ハンセン病隔離政策で差別を受けた元患者家族に対し、最大180万円を支給する補償法と名誉回復を図る改正ハンセン病問題基本法が、15日の参院本会議で全会一致で可決、成立しました。

この間、公明党ハンセン病家族救済本部 事務局長として、家族の皆様に寄り添いながら進めてまいりました。また超党派のハンセン病ワーキングチームメンバーとして、ハンセン病家族補償法の成立の環境整備に取り組んできただけに、感慨深いものがあります。

法施行と同時に補償金の請求受け付けを始め、補償金は最短で来年1月末には支給される予定です。

元患者家族を巡っては、熊本地裁が6月、国に最大130万円の賠償を命じる判決を下しました。政府は控訴を断念し、公明党の主張に沿う形で、原告以外の家族も公平に救済する新たな補償措置を講じると表明。その具体化に向け、議論が進められてきました。

基本方針では反省やおわびの言葉を記す法案前文の主語を「国会及び政府」と明記し、責任の所在を明確化。補償の対象範囲には元患者の親子、配偶者、兄弟姉妹だけでなく、同居を条件においやめい、孫、ひ孫らが加わりました。

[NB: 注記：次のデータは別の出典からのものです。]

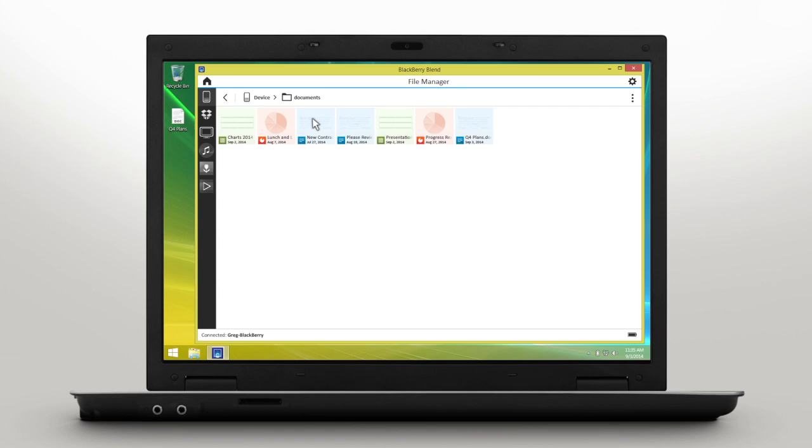You can use File Manager to view, save, and organize files and folders on your BlackBerry device and your computer or tablet. Now you have access to all your files on any device.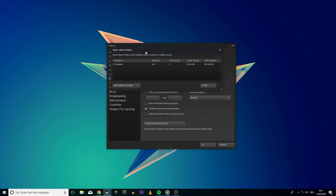A new window will pop up, showing you your drives on which Steam games are saved on. Right click the drive on which the game is saved on you want to fix and select Repair Library Folder.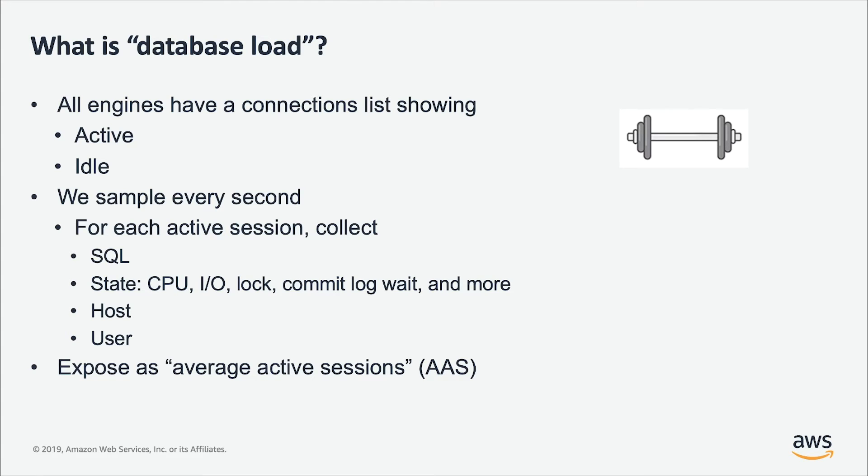We exposed this as a metric called Average Active Sessions or AAS, which is really a measurement of concurrency of the load on the database or how many users are currently active in the database.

地裁判決で訴えが退けられた原告や、地裁判決で被害が認められなかった米軍統治時代の沖縄や戦前の台湾や朝鮮などに住んでいた元患者の家族も補償対象に含めました。

補償額は配偶者や親子、元患者と同居していた1親等の姻族(子の配偶者、養子でない連れ子など)が180万円。兄弟姉妹や元患者と同居していた2親等の姻族(配偶者の兄弟姉妹、兄弟姉妹の配偶者、孫の配偶者など)と3親等内の血族(孫、おい、めいなど)が130万円。

一方訴訟中に死亡した原告約20人に対しては、法案の対象には含めないものの「名誉回復特別一時金」(仮称)を支払うことを省令で定める事としました。請求期限は施行から5年。対象者からの請求に基づき、厚労相が認定します。補償の対象を約2万4000人、支給総額は約400億円と試算しています。

患者、家族、元患者家族の方々の救済を図る一方、社会の差別・偏見をなくし、共にこれからを生きる世の中にしてまいります。